I center pull it and then put it in a ziplock bag. I snip a corner and thread the yarn through. It works well for center pull and non center balls. I can also slip my needles (I always use circs) in the Baggie when I stop and then not loose stitches. You can kind of see on my project here: http://www.ravelry.com/projects/TexasRachel/sallah-cowl

 

These are both excellent ideas. I rarely use center pull yarn, but I think they should work for any yarn.

Posted

I ball mine by hand or using a nostapinne. I would love to have a winder though. I've actually see pictures of people using a small teapot as a yarn bowl and pulling the end through the spout. Very cute, but I'm not sure how practical it would be :)

Posted

I would think that mechanically winding yarn into balls would put the yarn under even greater tension.
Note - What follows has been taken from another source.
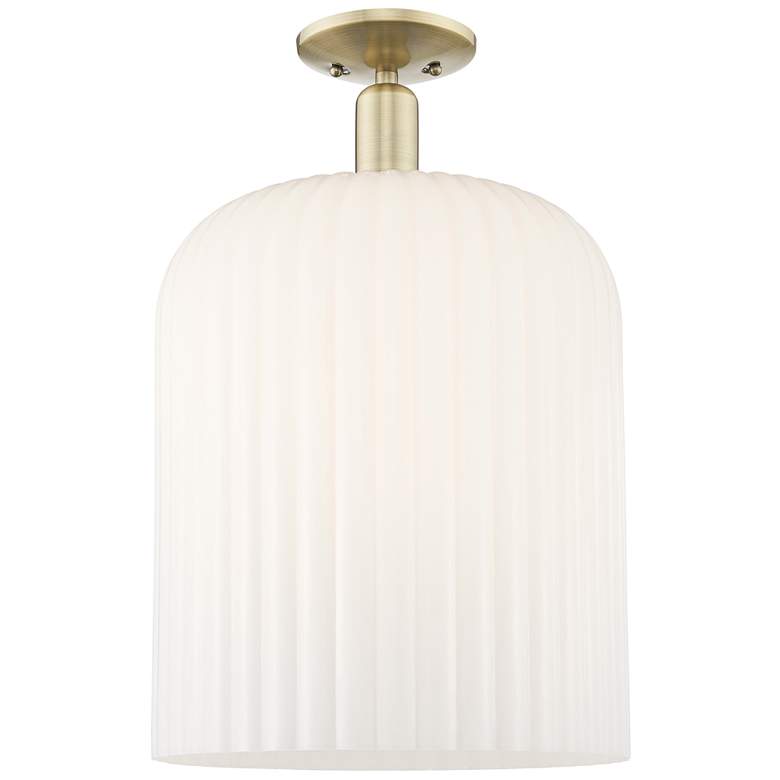 Image 1 Bridal Veil 12"W Antique Brass Semi-Flush Mount With Gloss White Shade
So, if you're planning to use the ball from the outside (which is under greater tension anyway, regardless of how you wind it), you'd want to wind by hand.

 

Then again, some people wind pretty tightly by hand, now that I think about it.

Posted

I have been winding my leftover yarn using a toilet paper roll in the middle so when I am done and removed the roll the tension is released. I think I am going to have to make my kids eat more oatmeal. I threw the last container out after it sat around waiting to turn into something for months. Until they empty the oatmeal container I found a smaller container to try my balls in.